** Information supplied follows **

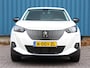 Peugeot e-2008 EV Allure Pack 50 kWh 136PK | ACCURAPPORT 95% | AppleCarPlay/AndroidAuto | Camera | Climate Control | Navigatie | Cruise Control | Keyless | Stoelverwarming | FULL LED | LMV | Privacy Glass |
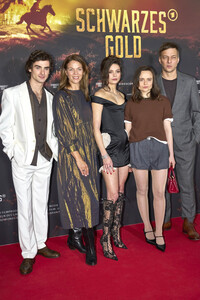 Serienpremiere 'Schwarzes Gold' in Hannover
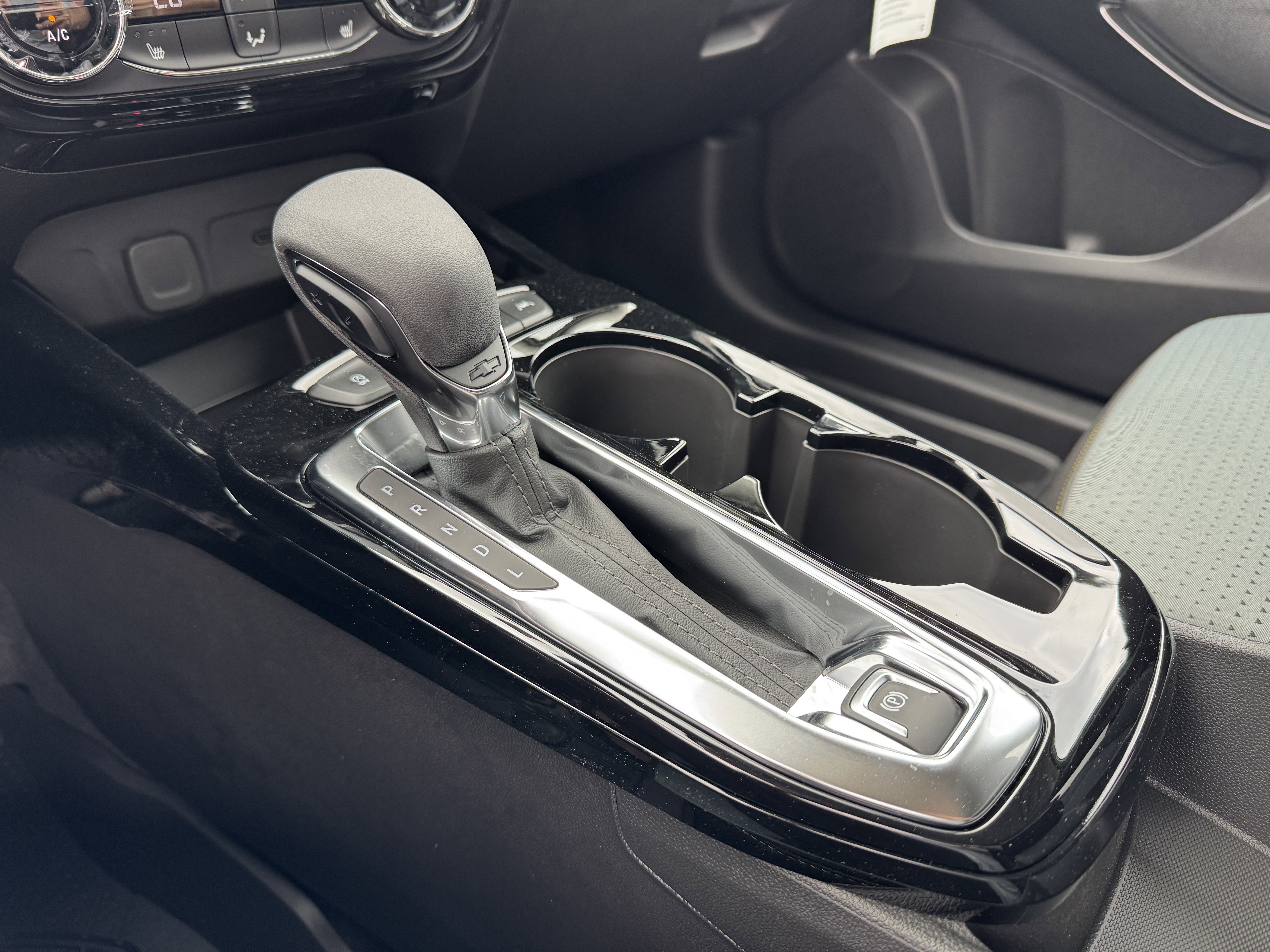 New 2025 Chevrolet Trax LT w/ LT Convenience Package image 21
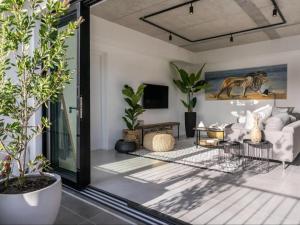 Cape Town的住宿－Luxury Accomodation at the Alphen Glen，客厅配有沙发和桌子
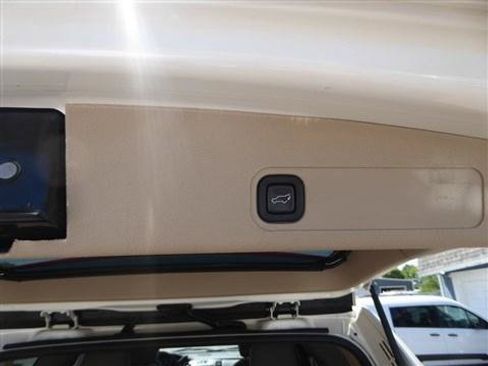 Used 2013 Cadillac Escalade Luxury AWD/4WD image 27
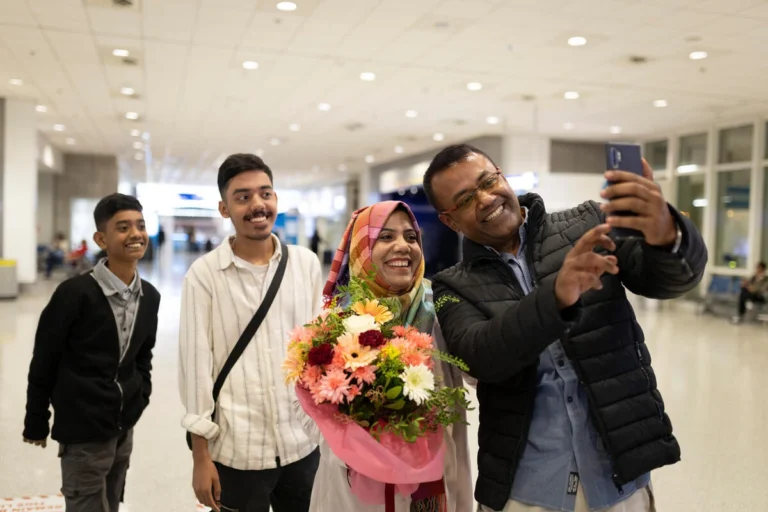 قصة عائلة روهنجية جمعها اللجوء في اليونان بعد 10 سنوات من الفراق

** End of Information supplied **

→ Work task:
Reproduce the full listing above verbatim, with no pictures included.

→ Your solution:
 Peugeot e-2008 EV Allure Pack 50 kWh 136PK | ACCURAPPORT 95% | AppleCarPlay/AndroidAuto | Camera | Climate Control | Navigatie | Cruise Control | Keyless | Stoelverwarming | FULL LED | LMV | Privacy Glass |
 Serienpremiere 'Schwarzes Gold' in Hannover
 New 2025 Chevrolet Trax LT w/ LT Convenience Package image 21
 Cape Town的住宿－Luxury Accomodation at the Alphen Glen，客厅配有沙发和桌子
 Used 2013 Cadillac Escalade Luxury AWD/4WD image 27
 قصة عائلة روهنجية جمعها اللجوء في اليونان بعد 10 سنوات من الفراق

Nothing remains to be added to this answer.